Right now the panel is looking at Dokalam because it is “extremely topical”, the former minister of state for external affairs told PTI.

"Just as this year we submitted to Parliament a report on Indo-Pakistan relations, similarly for next summer we want to submit a report on Sino-Indian relations," he said.

The Parliamentary Standing Committee on External Affairs held two meetings on the Dokalam situation last month.

At the first meeting where the panelÂ’s members were briefed by Foreign Secretary S Jaishankar, Congress vice president Rahul Gandhi had raised questions on media reports of Chinese action in the Dokalam area, a member present at the meeting had said on the condition of anonymity.

The second meeting was briefed by Jaishankar, Home Secretary Rajiv Gauba and Defence Secretary Sanjay Mitra.

The 73-day face-off between Indian and Chinese troops in Dokalam started on June 16 after the Indian side stopped the construction of a road by the Chinese Army. According to the external affairs ministry, the two forces "disengaged" on August 28.

On the Dokalam standoff, Tharoor said if the Chinese had “stopped doing something” that had triggered the reaction from India, then "clearly we had achieved something".

"If on the other hand, the stoppage is purely temporary and two weeks later they have started again, which is what we want to find out (during panel meetings), then there is some doubt as to whether the original portrayal of the incident as an Indian victory was accurate or not," the Congress MP from Thiruvananthapuram said.

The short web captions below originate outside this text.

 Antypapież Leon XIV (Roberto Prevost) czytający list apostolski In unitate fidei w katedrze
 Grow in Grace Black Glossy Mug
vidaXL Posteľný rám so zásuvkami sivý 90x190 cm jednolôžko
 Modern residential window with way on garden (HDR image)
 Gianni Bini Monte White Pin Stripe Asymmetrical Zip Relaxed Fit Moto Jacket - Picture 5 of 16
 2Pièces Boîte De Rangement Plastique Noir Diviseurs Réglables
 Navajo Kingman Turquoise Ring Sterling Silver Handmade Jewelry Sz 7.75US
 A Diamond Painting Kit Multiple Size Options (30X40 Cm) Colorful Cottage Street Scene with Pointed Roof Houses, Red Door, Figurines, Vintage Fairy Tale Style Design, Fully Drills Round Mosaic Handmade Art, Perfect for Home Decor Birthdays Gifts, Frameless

Tharoor said for the preparation of the report on Indo- Pak ties, submitted in August this year, the panel had five or six hearings.

"Some with the foreign secretary alone, some with the foreign and defence secretaries and the military people, some with the commerce ministry, some with individual experts...We got everyone's view and we put it into a comprehensive report.

So our approach on China will be the same," he said.

On the government's foreign policy, Tharoor said there was no doubt that relations with Pakistan were at a "pretty bad low" and with China they were "not much better".

"In both the cases we have come down a long way from the kind of bonhomie that characterised these relationships at different phases in the last decade, including during Mr Modi's initial years of prime ministership," he said.

"In fact, with Pakistan, one can truly accuse the government of inconsistency because there have been so many ups and downs," he added.